Every entry should be duplicated verbatim, and no picture may appear in the copy.

=-=-=

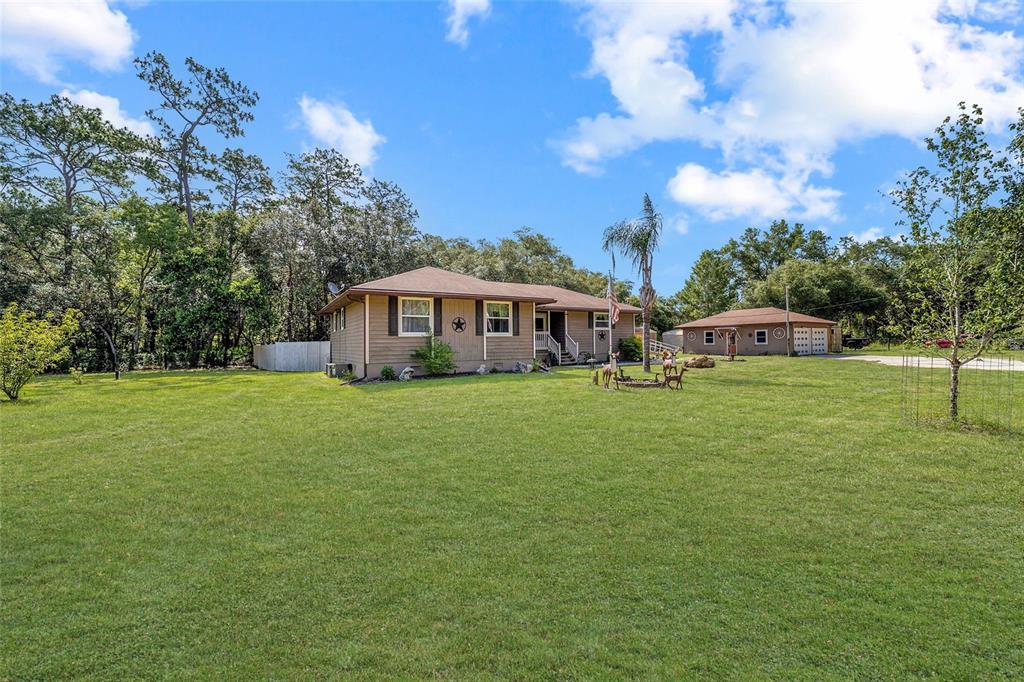 15755 Southwest 90th Avenue Dunnellon, FL 34432 - Photo 1 of 55 a view of house with a big yard
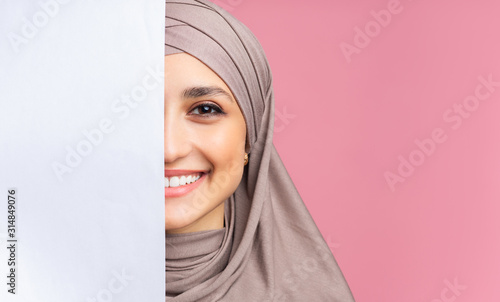 Smiling arabic girl standing behind blank advertisement board, covering half face © Prostock-studio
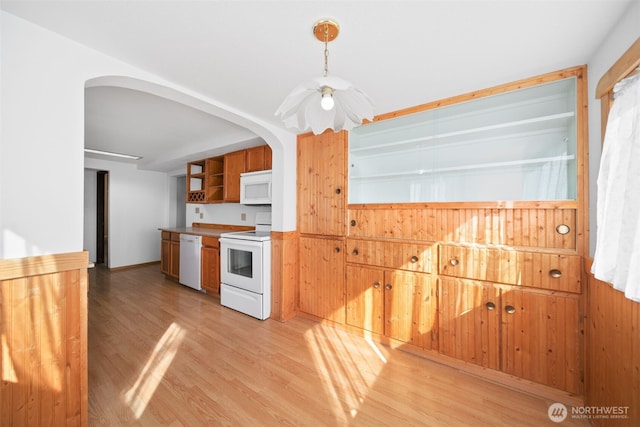 kitchen with light wood-style floors, arched walkways, white appliances, and open shelves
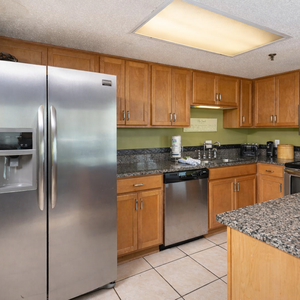 Kitchen featuring wooden cabinetry, granite countertops, and stainless appliances, creating a welcoming cooking space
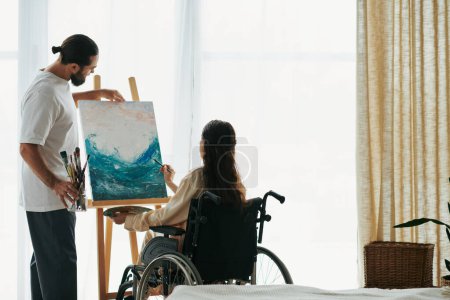 Téléchargez les photos : Attrayant couple joyeux de barbu homme et femme handicapée peinture sur chevalet ensemble à la maison - en image libre de droit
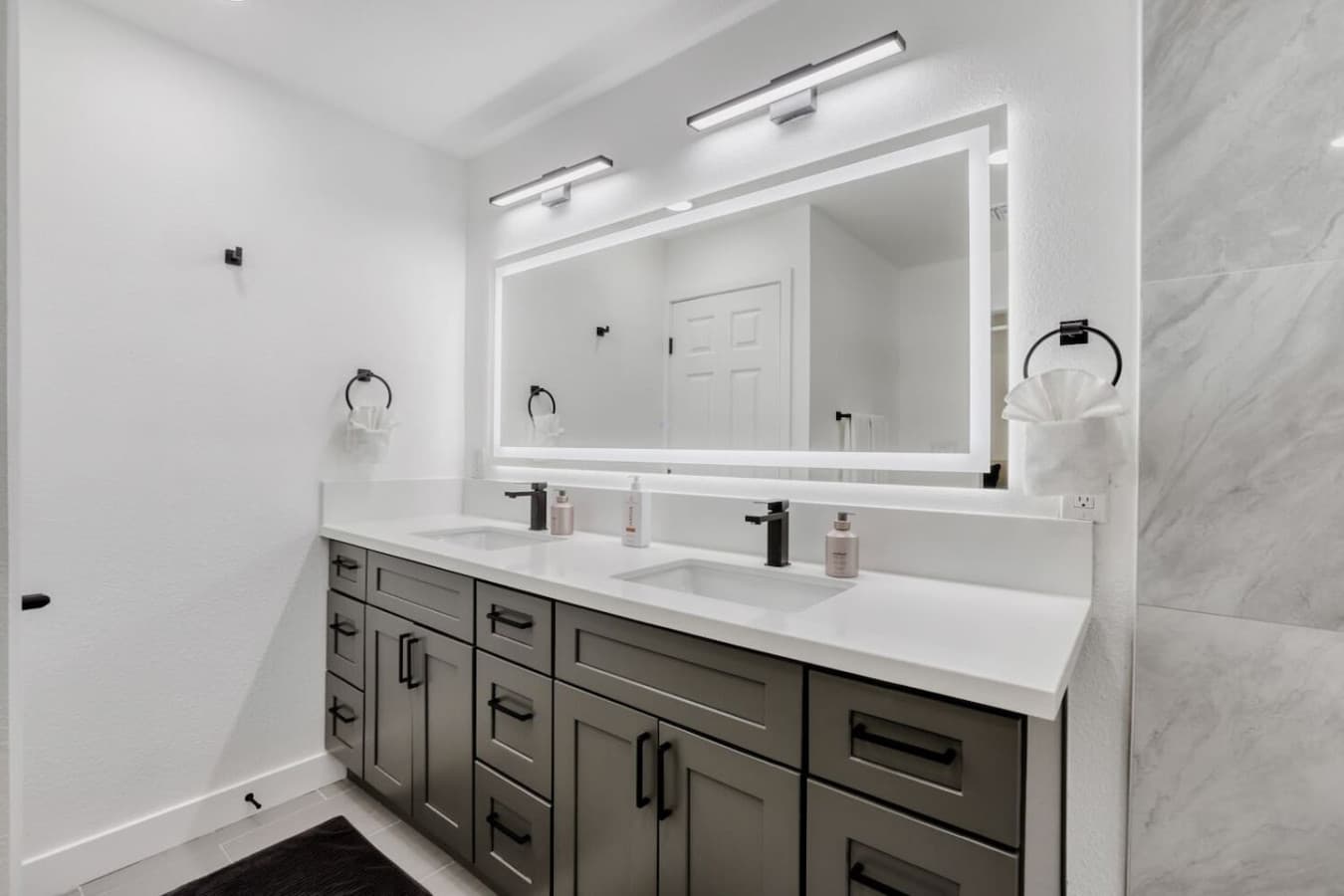 Double vanity bathroom with modern finishes.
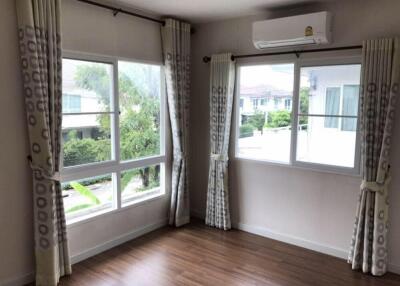 Bright bedroom with large windows and air conditioning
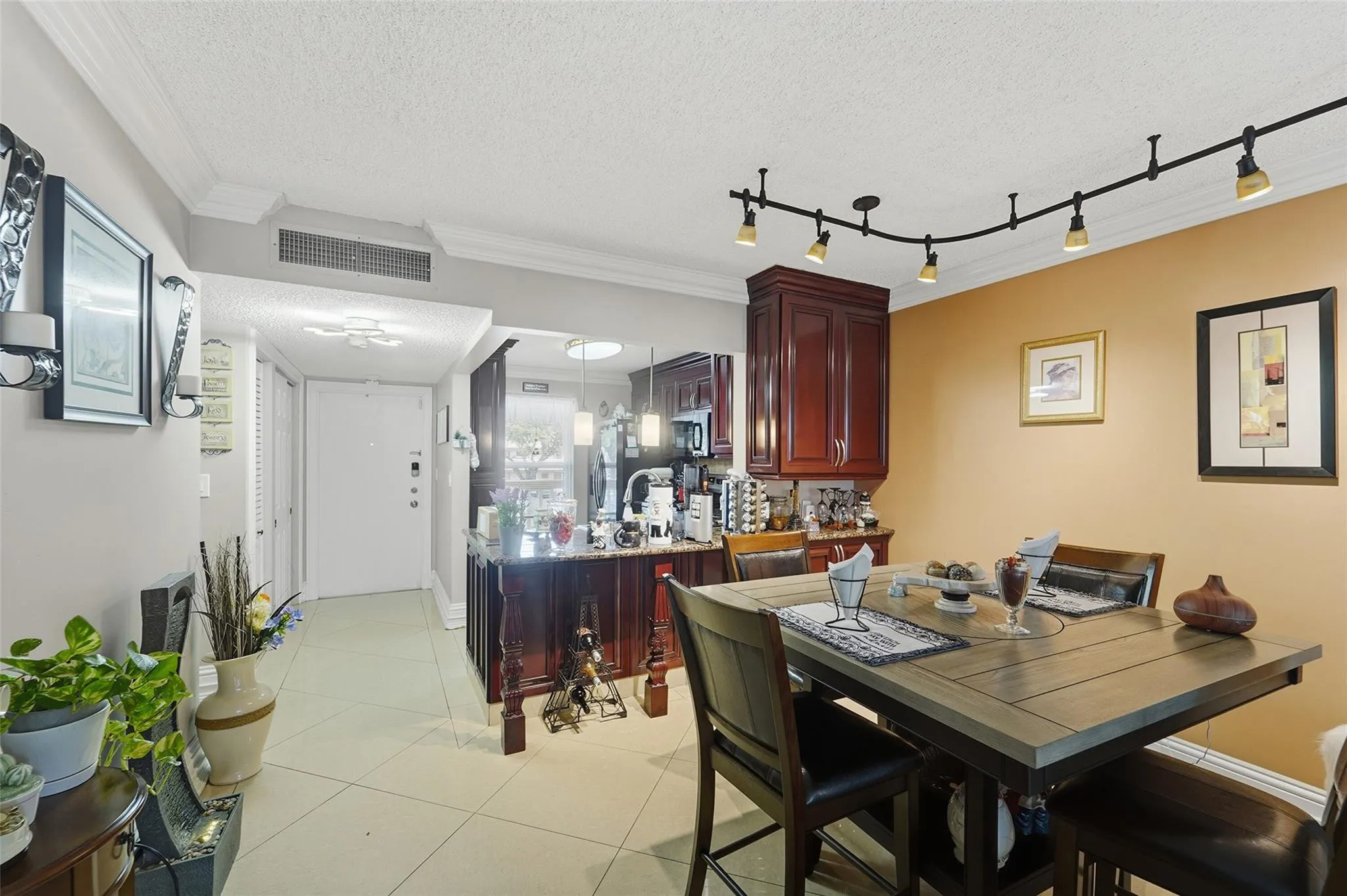 Your kitchen is open to the rest of the property. Notice the porcelain tile laid diagonally.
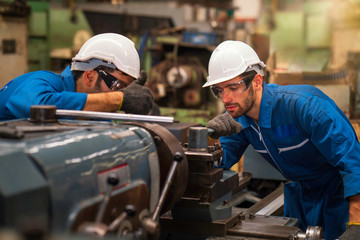 Technicians and engineers are working on machines in a factory. Twins Caucasian man Mechanical...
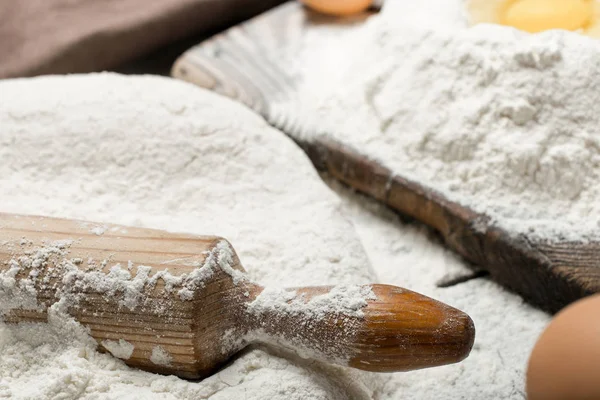 Rolling pin with flour close up. Copy space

=-=-=

THE ANSWER –
 15755 Southwest 90th Avenue Dunnellon, FL 34432 - Photo 1 of 55 a view of house with a big yard
 Smiling arabic girl standing behind blank advertisement board, covering half face © Prostock-studio
 kitchen with light wood-style floors, arched walkways, white appliances, and open shelves
 Kitchen featuring wooden cabinetry, granite countertops, and stainless appliances, creating a welcoming cooking space
 Téléchargez les photos : Attrayant couple joyeux de barbu homme et femme handicapée peinture sur chevalet ensemble à la maison - en image libre de droit
 Double vanity bathroom with modern finishes.
 Bright bedroom with large windows and air conditioning
 Your kitchen is open to the rest of the property. Notice the porcelain tile laid diagonally.
 Technicians and engineers are working on machines in a factory. Twins Caucasian man Mechanical...
 Rolling pin with flour close up. Copy space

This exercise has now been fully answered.